Two-Factor Authentication
Of the dozen-or-so apps on my phone that support two-factor authentication (see the 2nd Factor spreadsheet entry above), all but one either use an app on my phone (like Google Authenticator) or my phone number (by sending text messages) to communicate that second factor to me. If I don't have access to my phone, I won't be able to derive that second factor from it. 

Pretty much all of those services, though, offer a backup for that case. Often, that involves printing out some backup or recovery codes that can only be used once, and storing them someplace that you will be able to find (and access) them at when you need them years later. This can take some time to figure out, but may save you some headaches if you ever end up in that situation.

What To Do When You Loose Your iDevice?
Well, let's assume you are sure it's lost or stolen. When, exactly, you pull the trigger on assuming that it might have fallen into the hands of a bad guy rather than just sitting underneath a pillow on your couch depends, again, on your personal risk management. But hopefully all that preparation we went through above won't let you hesitate just because you don't have a plan on how to recover from the loss of your device.

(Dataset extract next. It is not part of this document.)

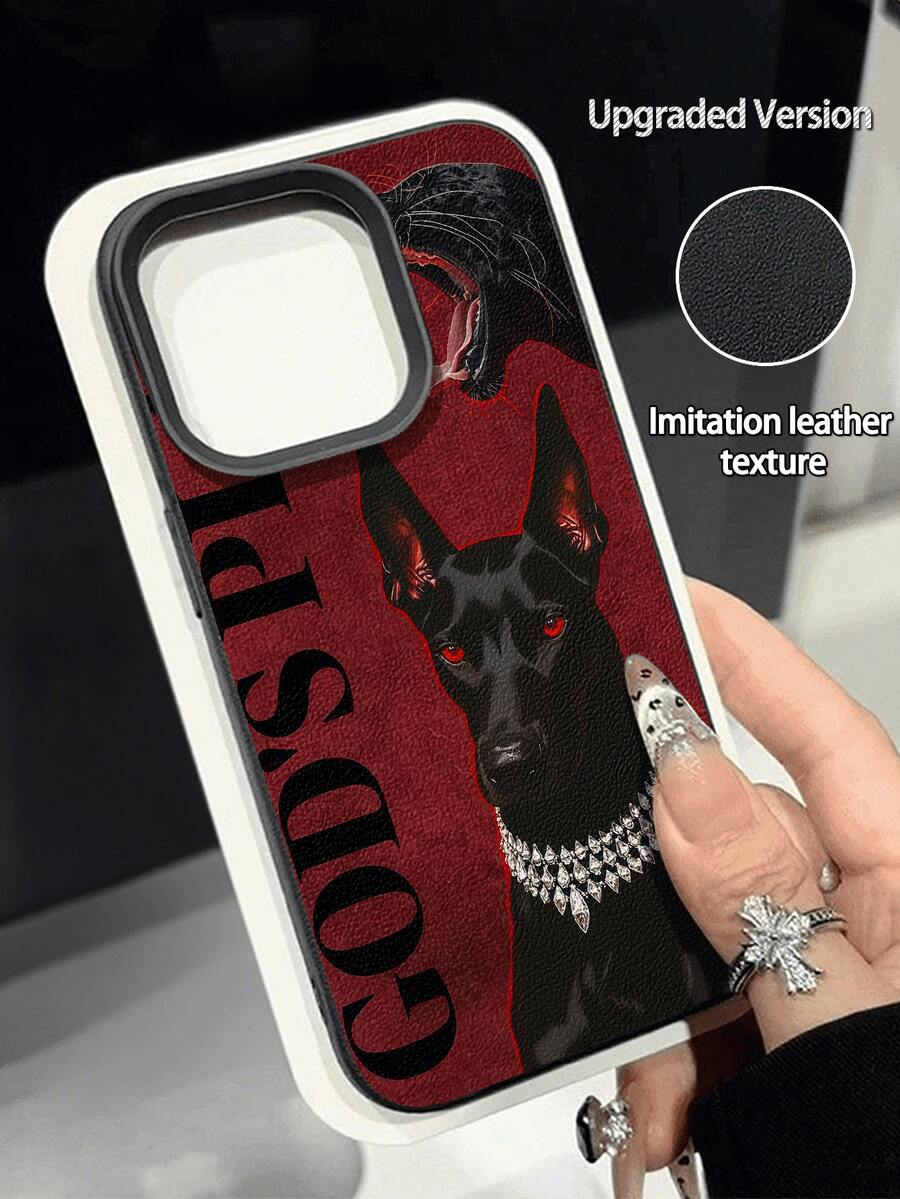 WeiMi 1pc Fashionable Red Background Dog GOD Pattern Waterproof Shockproof Anti-Slip Soft Leather Phone Case, Suitable As Birthday, Holiday Gift For Friends, Family, Couples, Compatible With Apple, Phones - Multicolor - View 1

Attempt to locate (and potentially remotely wipe) the device.
This may or may not work. The device obviously needs to be online for this, and still be associated with your Apple ID. Go to the iCloud web interface to give it a shot. All this assumes that you have set up FindMyiPhone in the first place.

Notify your employer.
If you use your personal device to access your organization's data, for example the corporate calendar and mail, or other resources through a VPN connection, let them know. Don't wait with this. Any organization that is serious about their security management will appreciate you letting them go through the effort of revoking your remote access and activating whatever other procedures they may have rather sooner than later, also if it turns out later that it was a false alarm.

Notify your network operator.
Report your phone stolen and ask them to deactivate the SIM card in the phone, so that no further two-factor authentication credentials can be sent to that phone by text message. (Be aware that at that point in time, the phone will also loose any cellular data connection, which might hinder any remote tracking attempts a la Apple's Find My iPhone. Maybe just remove text messaging from your plan, instead?)

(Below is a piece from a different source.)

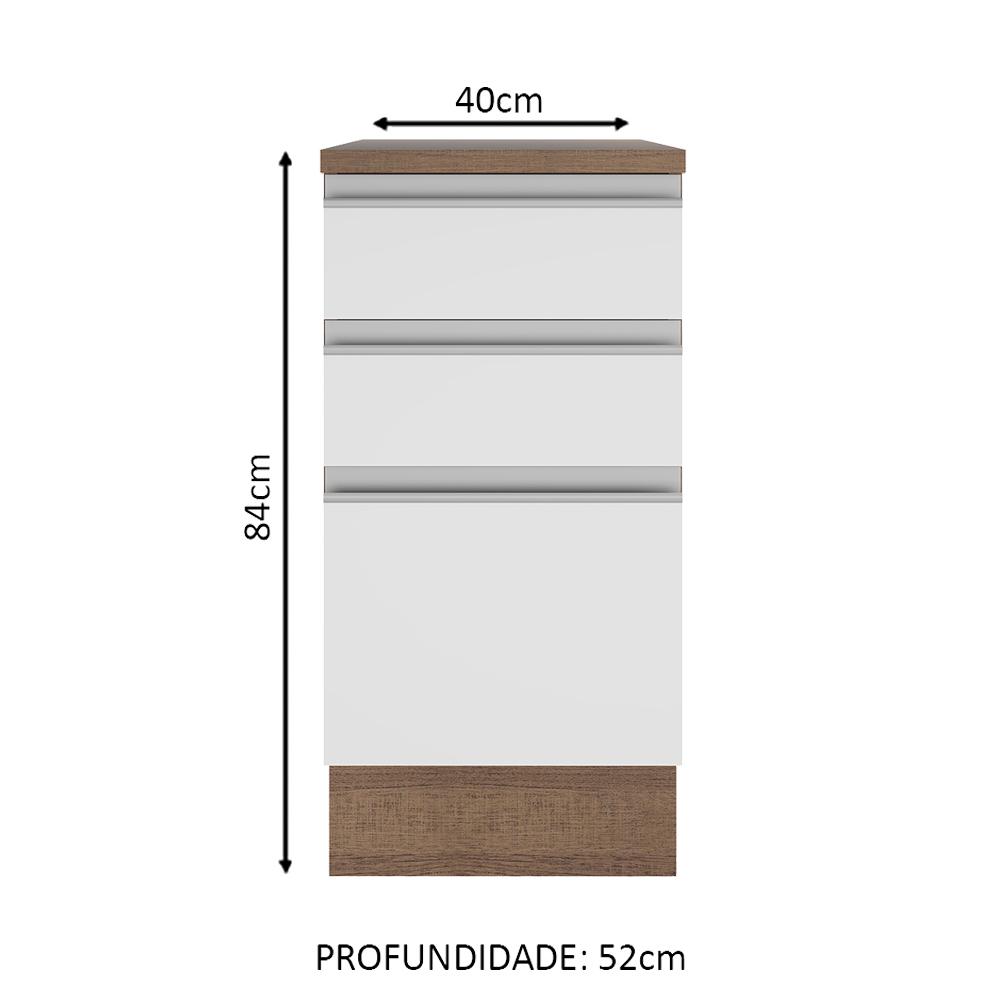 Foto 3 pulgar | Mueble de Cocina Madesa Glamy 40 cm 3 Cajones Marrón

Change high-priority passwords.
Luckily, you have a list of those.

There are some additional considerations to be taken into account, though: You may be well familiar with various apps asking for authorization to post on your Facebook, Google+, LinkedIn, Twitter, etc. accounts. These authorizations are not necessarily tied to the password you use for the respective service -- each app may have been issued its own authentication credential to use with the service. In other words: That PDF reader app on your device might still be authorized to access your Dropbox account, even though you changed your Dropbox password. (If you use Dropbox, check out the "My apps" menu under Settings to see which apps are authorized to access your account.)

For various reasons, this is usually a good thing. But what this means is that for those cloud services with a more sophisticated authentication architecture, you may need to look through the list of authorized apps for your account and revoke authorizations for the apps that reside on your lost device.

Other things
Now it may be time to:
  • Review the list of critical data stored by apps on your device, and decide whether there is any other action you oughta take. Notify somebody that the confidential data they shared with you might have been compromised, for example.
  • Change lower priority passwords. See the note above for high-priority passwords.
  • Cancel your credit card(s), if that worries you. (See above.)
Things You Won't Be Able To Do
Data that's on your lost device is, well, lost. At least the particular copy of that data that was on the device. This also means that if you have reason to believe that somebody might undertake the effort to access this data on the device, you need to accept that they might succeed. As mentioned above, all you can do is to review the type of data that might be compromised, and try to be pro-active in remediating the potential effects of that compromise.

So...
...if anybody actually ends up using this, post a comment or drop me a note. I'd be curious to know how many people bother. ;-)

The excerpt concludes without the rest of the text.